A congressional vote wrought the denial of President Bush’s mortgage “bail out” Monday. But congress prepares to vote a second time to approve hundreds of billions in federal spending designed to purchase waves of mortgage securities from financial institutions. The bill bets on a housing market recovery. But within a year, “first mortgage” defaults are expected to approach 3 million according to a Wall Street Journal compilation, which would render those securities invaluable.
This, while Joe awaits his executive ordered fate.
“What happens when the government becomes a business?”
Good question, Joe.
Promises of “oversight” are purged from the lips of treasury secretary Paulson’s supporters, yet the loosely defined term could prove more ominous than reassuring.
Giving congress power to explicitly dictate the behavior of major financial institutions strengthens the Federal Reserve’s unyielding monopoly and empowers them to enforce strict regulation.
“Oversight,” as a blanket phrase, could do for the treasury department what “Threat to national security” did for the Department of Defense. “Oversight” puts the Fed in a place to standardize household finances in likeness to public education’s “No Child Left Behind Act.”
Joe’s financial freedom gets tossed into the same can as his right to privacy and due process, while his children are forced through bubble sheet pigeon holes and processed learning outcomes Idaho’s Representative Bill Sali believes this type of legislation could open the door for further intervention.
“[It would] put the federal government in the realm of private enterprise.
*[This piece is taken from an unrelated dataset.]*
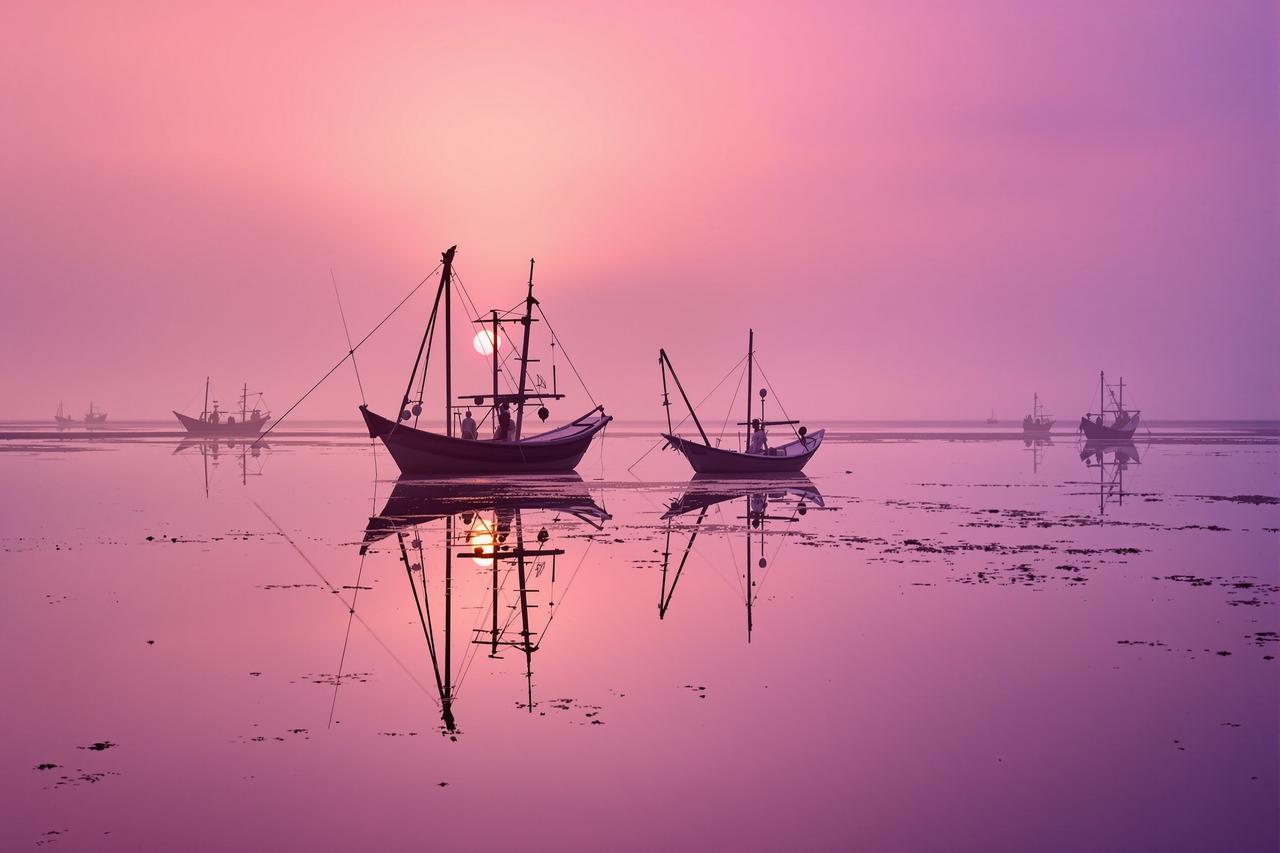 潮汐之间 · 霞浦滩涂画卷 - 图1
It’s no longer a free market,” said Wayne Hoffman, spokesman for representative Sali.
Yet the federal government grows, printing its own money, eating whatever industry loses a step in the market and spreading its own boundaries. It’s as if the constitution were a mere blank page.
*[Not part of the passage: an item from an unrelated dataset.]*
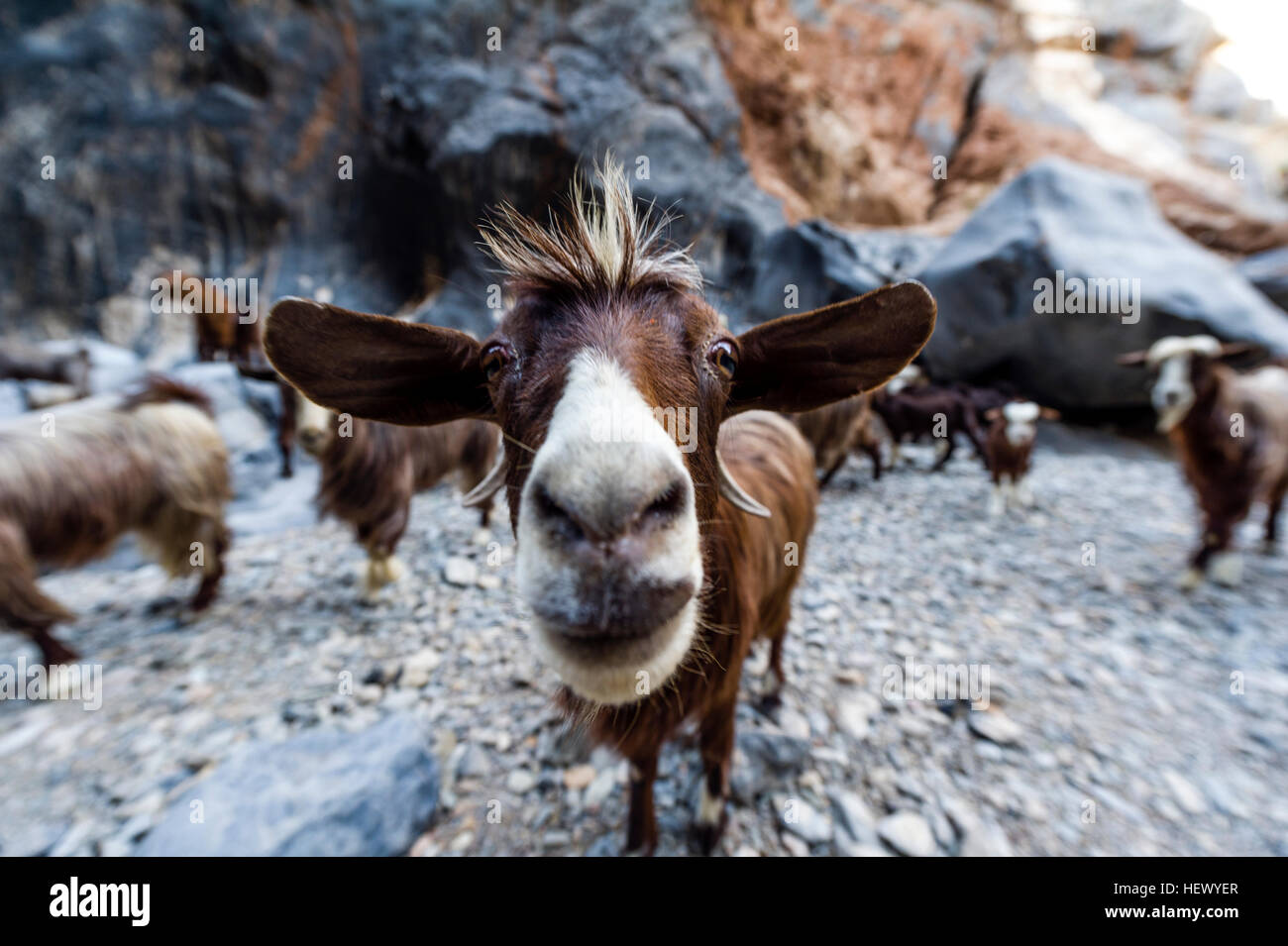 Una mandria di caprini domestici vengono a bere in un fiume in un deserto gorge. Foto Stock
Thomas Jefferson said, “Is confidence or discretion, or is strict limit, the pRinciple of our constitution?” He said this when liberty, not luxury, was the primary providence of government, when morality, not money, was it’s foundational characteristic.
The action of these bailouts seeks to sustain the promiscuous lifestyles that have become stereotypical to American culture.
“Wait, what?”
Even you, Joe.
Frivolity does not escape even the tiniest
of consumers.
We demand instant gratification,from music and fast food all the way to vehicles and homes, and we put it all on credit. These falling financial institutions wanted money and they, along with the Federal Reserve who kept interest rates artificially low, found a way to create it out of thin air and then write off all obligation by selling it on the open market.
The failure of these immoral institutions is the inevitability that is promised by true free enterprise and the results of such failures could mean dramatic changes, not only in our bank accounts, but in our lifestyles.
Morality comforts not the man who desires to be fed, but cradles he who chooses for himself that which is right over that which feels warm. The choice is ours to remain free and brave the cold, or sign over our freedom for a blanket.